As principais características incluem: 

  1. Dificuldades na comunicação e/ou na interação social, que podem se manifestar por:
  • dificuldade para iniciar ou manter uma conversa ou interação social;
  • dificuldade para reconhecer e demonstrar emoções;
  • pouco contato visual;
  • isolamento social;
  • dificuldade para compreensão e expressão da comunicação facial e corporal;
  • não possuir amigos, ter dificuldade para tê-los e/ou pouco interesse pelas outras pessoas;
  • dificuldade em ajustar o comportamento ao contexto;
  • dificuldade para entender ironias, metáforas e piadas;
  • déficit de teoria da mente (capacidade de se colocar no lugar do outro);
  • dificuldade para compartilhar brincadeiras imaginativas.
  1. Interesses restritos e comportamentos repetitivos, tais como:
  • estereotipias motoras ou vocais;
  • movimentos repetidos com objetos (alinhar, girar, etc.);
  • desconforto ou sofrimento diante de mudanças;
  • dificuldade para fazer a transição entre ambientes e atividades;
  • pensamento e comportamento rígidos;
  • rituais;
  • necessidade de fazer sempre o mesmo caminho ou seguir padrões de rigidez;
  • interesse extremo ou restrito a um assunto;
  • apego incomum a determinado objeto;
  • maior ou menor sensibilidade a estímulos sensoriais;
  • manipular ou cheirar objetos;
  • padrão atípico de seletividade alimentar.

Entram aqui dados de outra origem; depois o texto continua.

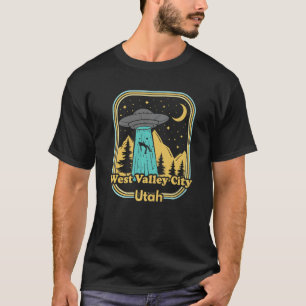 T-shirt West Valley City Utah Ufo Alien 80s Retro State Pr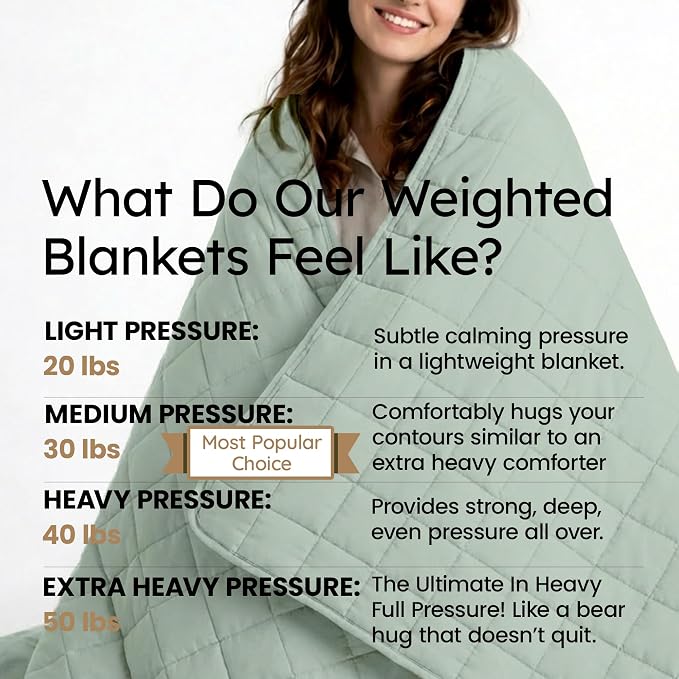 HomeSmart Weighted Blanket Queen Size 50 lb - The Heaviest Weighted Blanket | Deep Grounding Comfort, Oversized Ultra Soft Bedding, Evenly Distributed Weight, Machine Washable, Breathable Fabric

Embora o descrito acima se refira aos sintomas centrais, outros sinais ou sintomas podem estar presentes, como auto ou heteroagressividade, problemas relacionados ao sono, dificuldade de regulação emocional, impulsividade, desatenção, hiperatividade e queixas gastrointestinais.

Em relação ao sono, o documento destaca que os sintomas centrais do TEA podem interferir com o sono, enquanto um sono ruim pode levar a uma piora comportamental, perpetuando um ciclo.

Os sintomas clássicos geralmente podem ser observados entre 1 e 2 anos de idade, mas alguns sinais de alerta podem estar presentes antes, como ausência de contato visual adequado para a idade em brincadeiras ou durante as mamadas, baixa reciprocidade social, ausência de imitação motora ou vocal e pouca ou nenhuma vocalização.

Quando há atraso no desenvolvimento, mesmo que o diagnóstico não esteja definido, é necessário encaminhar o paciente suspeito para abordagem terapêutica, a fim de aproveitar o período de desenvolvimento neurológico dessa fase.

Recomendações para o diagnóstico, investigação e abordagem terapêutica do TEA

Diagnóstico do Transtorno do Espectro Autista (TEA) 

O diagnóstico do TEA é clínico, não havendo, até o momento, marcador biológico específico para o transtorno. Quanto mais nova a criança, mais desafiador tende a ser o diagnóstico precoce.

Para estabelecer o diagnóstico, recomenda-se:

  • Entrevista com os cuidadores: investigar dados sobre a gestação (diabetes, sangramentos, infecções, uso de medicações), período neonatal, primeiro ano de vida (principalmente desenvolvimento neuropsicomotor), sono, alimentação, presença de convulsões/epilepsia, alterações motoras e gastrointestinais, história familiar (incluindo doenças genéticas), contexto sociocultural em que a criança está inserida e grau de exposição a telas.
  • Entrevista e observação do paciente: observar interação social, comportamento, cognição, linguagem e grau de adaptação.
  • Exame físico: atenção a sinais que possam indicar outras condições clínicas, como alterações cutâneas (por exemplo, neurofibromatose), alterações de visão e audição. Deve-se também verificar a caderneta de vacinação e os resultados do teste do pezinho. Exames complementares (como exames laboratoriais, neuroimagem e avaliação genética) podem auxiliar na investigação de diagnósticos diferenciais.
  • Informações complementares: podem ser fornecidas pelo professor ou a escola e complementam a avaliação.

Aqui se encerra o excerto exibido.